- Task to carry out
Starting at the top of the records, output every line through the one that contains "Invitation Dernière Fête", keeping each exactly as it appears.

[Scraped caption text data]
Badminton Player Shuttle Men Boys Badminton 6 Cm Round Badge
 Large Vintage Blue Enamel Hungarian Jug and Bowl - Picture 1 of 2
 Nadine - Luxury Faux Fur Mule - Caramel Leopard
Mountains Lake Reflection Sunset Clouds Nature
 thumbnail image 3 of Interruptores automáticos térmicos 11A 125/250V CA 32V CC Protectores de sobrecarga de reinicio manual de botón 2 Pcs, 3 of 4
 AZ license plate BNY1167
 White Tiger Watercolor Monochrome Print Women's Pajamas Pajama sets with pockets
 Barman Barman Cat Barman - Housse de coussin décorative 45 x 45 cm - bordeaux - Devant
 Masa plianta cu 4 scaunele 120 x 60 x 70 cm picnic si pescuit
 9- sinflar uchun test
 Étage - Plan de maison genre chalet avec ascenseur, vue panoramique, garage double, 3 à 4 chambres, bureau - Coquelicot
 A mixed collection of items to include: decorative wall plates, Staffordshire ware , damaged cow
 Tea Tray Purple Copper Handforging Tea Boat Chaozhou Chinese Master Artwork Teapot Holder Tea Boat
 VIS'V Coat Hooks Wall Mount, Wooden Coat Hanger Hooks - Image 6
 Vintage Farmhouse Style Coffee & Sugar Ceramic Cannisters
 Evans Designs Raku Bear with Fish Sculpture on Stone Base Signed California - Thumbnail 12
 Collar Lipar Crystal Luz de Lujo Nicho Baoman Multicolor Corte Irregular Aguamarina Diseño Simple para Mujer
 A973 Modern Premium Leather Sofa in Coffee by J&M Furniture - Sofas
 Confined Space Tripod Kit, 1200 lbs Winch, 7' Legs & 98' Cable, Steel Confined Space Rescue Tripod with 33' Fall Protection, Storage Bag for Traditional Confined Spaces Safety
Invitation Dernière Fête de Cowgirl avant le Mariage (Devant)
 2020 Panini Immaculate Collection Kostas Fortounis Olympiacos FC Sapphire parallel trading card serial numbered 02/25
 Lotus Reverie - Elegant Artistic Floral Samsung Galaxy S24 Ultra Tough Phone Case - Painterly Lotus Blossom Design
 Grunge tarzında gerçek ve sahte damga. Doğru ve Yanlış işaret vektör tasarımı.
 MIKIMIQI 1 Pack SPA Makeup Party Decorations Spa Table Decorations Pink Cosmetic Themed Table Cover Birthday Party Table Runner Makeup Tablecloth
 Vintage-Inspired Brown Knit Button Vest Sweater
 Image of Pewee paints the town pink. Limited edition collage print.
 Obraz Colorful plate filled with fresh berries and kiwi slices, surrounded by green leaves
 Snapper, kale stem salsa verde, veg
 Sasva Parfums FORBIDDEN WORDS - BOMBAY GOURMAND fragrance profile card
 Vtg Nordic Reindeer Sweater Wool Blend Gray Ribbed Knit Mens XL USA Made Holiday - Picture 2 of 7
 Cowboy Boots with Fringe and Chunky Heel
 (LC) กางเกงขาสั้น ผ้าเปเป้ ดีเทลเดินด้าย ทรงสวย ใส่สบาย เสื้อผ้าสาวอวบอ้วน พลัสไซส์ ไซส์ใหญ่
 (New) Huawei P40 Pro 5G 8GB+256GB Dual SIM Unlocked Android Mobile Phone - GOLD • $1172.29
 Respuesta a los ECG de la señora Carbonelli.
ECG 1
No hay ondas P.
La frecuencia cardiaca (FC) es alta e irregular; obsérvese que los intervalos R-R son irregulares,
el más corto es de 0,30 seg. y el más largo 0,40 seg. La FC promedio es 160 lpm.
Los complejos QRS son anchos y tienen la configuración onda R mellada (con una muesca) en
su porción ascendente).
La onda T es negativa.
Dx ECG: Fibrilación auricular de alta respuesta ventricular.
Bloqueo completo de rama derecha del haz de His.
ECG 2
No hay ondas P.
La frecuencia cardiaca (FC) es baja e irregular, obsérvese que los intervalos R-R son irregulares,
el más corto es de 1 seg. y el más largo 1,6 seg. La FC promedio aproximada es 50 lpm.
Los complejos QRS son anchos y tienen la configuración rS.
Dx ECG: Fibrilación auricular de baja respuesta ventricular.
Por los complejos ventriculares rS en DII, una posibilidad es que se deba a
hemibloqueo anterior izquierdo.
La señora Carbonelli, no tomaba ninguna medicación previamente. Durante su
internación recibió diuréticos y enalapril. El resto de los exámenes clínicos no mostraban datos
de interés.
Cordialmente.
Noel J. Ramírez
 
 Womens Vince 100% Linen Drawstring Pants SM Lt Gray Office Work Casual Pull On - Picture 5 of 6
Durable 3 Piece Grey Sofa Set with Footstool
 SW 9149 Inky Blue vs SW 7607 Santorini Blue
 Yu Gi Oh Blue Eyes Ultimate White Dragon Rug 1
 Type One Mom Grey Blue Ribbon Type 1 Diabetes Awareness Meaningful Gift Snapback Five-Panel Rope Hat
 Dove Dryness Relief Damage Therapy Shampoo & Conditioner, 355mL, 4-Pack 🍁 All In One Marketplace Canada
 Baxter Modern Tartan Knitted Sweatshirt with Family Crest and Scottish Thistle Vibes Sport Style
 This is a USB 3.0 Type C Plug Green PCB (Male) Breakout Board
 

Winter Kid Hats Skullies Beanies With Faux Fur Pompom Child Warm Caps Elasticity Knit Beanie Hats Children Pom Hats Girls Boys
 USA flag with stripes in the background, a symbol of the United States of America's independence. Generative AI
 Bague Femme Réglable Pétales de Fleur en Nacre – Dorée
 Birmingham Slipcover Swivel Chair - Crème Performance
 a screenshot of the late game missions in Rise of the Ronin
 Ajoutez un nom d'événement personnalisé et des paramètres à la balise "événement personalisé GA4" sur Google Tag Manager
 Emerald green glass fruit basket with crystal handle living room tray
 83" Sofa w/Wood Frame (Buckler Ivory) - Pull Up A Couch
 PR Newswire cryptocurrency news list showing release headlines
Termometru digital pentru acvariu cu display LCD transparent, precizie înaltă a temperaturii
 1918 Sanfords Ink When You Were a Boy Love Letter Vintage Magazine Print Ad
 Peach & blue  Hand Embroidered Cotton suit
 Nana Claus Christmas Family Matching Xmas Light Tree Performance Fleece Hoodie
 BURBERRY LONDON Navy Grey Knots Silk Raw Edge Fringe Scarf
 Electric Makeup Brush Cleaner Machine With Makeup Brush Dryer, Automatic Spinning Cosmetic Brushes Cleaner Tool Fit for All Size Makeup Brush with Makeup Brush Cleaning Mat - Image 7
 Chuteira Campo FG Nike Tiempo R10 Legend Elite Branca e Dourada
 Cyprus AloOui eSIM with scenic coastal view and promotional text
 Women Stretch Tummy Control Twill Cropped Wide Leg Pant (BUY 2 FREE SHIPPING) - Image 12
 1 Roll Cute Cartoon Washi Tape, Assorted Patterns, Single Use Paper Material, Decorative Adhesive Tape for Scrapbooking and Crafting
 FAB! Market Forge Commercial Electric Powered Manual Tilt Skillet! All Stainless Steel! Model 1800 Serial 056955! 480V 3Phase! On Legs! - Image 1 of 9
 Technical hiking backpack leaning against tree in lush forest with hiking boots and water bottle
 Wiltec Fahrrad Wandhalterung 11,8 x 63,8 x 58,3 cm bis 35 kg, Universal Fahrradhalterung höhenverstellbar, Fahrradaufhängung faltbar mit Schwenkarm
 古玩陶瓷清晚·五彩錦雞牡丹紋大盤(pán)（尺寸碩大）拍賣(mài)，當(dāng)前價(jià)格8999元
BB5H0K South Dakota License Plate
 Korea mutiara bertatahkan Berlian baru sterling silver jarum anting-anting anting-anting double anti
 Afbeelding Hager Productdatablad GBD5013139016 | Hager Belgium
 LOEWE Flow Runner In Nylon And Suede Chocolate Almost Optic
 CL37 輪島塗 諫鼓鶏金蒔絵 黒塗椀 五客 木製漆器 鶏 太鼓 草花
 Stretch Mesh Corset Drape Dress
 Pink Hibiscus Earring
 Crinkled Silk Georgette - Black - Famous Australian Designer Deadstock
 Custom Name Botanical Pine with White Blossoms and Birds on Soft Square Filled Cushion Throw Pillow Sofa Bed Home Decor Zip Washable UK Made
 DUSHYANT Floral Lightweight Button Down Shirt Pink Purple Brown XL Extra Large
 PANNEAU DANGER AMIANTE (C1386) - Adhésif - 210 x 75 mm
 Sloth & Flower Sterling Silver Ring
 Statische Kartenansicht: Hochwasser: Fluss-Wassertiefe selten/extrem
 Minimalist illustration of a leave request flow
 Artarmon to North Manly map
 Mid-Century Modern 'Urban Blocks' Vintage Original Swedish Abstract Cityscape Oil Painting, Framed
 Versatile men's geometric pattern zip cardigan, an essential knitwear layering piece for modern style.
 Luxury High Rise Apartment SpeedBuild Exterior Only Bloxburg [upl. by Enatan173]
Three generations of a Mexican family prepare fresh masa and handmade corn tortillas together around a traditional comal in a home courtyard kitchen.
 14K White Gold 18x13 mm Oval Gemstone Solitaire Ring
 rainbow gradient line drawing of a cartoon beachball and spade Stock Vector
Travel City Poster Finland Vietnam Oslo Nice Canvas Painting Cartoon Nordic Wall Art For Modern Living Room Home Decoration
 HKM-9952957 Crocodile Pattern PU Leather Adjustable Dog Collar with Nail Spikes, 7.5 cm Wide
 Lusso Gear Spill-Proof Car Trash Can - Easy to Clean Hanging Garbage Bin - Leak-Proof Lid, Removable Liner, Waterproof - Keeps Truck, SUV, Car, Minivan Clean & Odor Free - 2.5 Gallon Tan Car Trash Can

- Expected answer
Badminton Player Shuttle Men Boys Badminton 6 Cm Round Badge
 Large Vintage Blue Enamel Hungarian Jug and Bowl - Picture 1 of 2
 Nadine - Luxury Faux Fur Mule - Caramel Leopard
Mountains Lake Reflection Sunset Clouds Nature
 thumbnail image 3 of Interruptores automáticos térmicos 11A 125/250V CA 32V CC Protectores de sobrecarga de reinicio manual de botón 2 Pcs, 3 of 4
 AZ license plate BNY1167
 White Tiger Watercolor Monochrome Print Women's Pajamas Pajama sets with pockets
 Barman Barman Cat Barman - Housse de coussin décorative 45 x 45 cm - bordeaux - Devant
 Masa plianta cu 4 scaunele 120 x 60 x 70 cm picnic si pescuit
 9- sinflar uchun test
 Étage - Plan de maison genre chalet avec ascenseur, vue panoramique, garage double, 3 à 4 chambres, bureau - Coquelicot
 A mixed collection of items to include: decorative wall plates, Staffordshire ware , damaged cow
 Tea Tray Purple Copper Handforging Tea Boat Chaozhou Chinese Master Artwork Teapot Holder Tea Boat
 VIS'V Coat Hooks Wall Mount, Wooden Coat Hanger Hooks - Image 6
 Vintage Farmhouse Style Coffee & Sugar Ceramic Cannisters
 Evans Designs Raku Bear with Fish Sculpture on Stone Base Signed California - Thumbnail 12
 Collar Lipar Crystal Luz de Lujo Nicho Baoman Multicolor Corte Irregular Aguamarina Diseño Simple para Mujer
 A973 Modern Premium Leather Sofa in Coffee by J&M Furniture - Sofas
 Confined Space Tripod Kit, 1200 lbs Winch, 7' Legs & 98' Cable, Steel Confined Space Rescue Tripod with 33' Fall Protection, Storage Bag for Traditional Confined Spaces Safety
Invitation Dernière Fête de Cowgirl avant le Mariage (Devant)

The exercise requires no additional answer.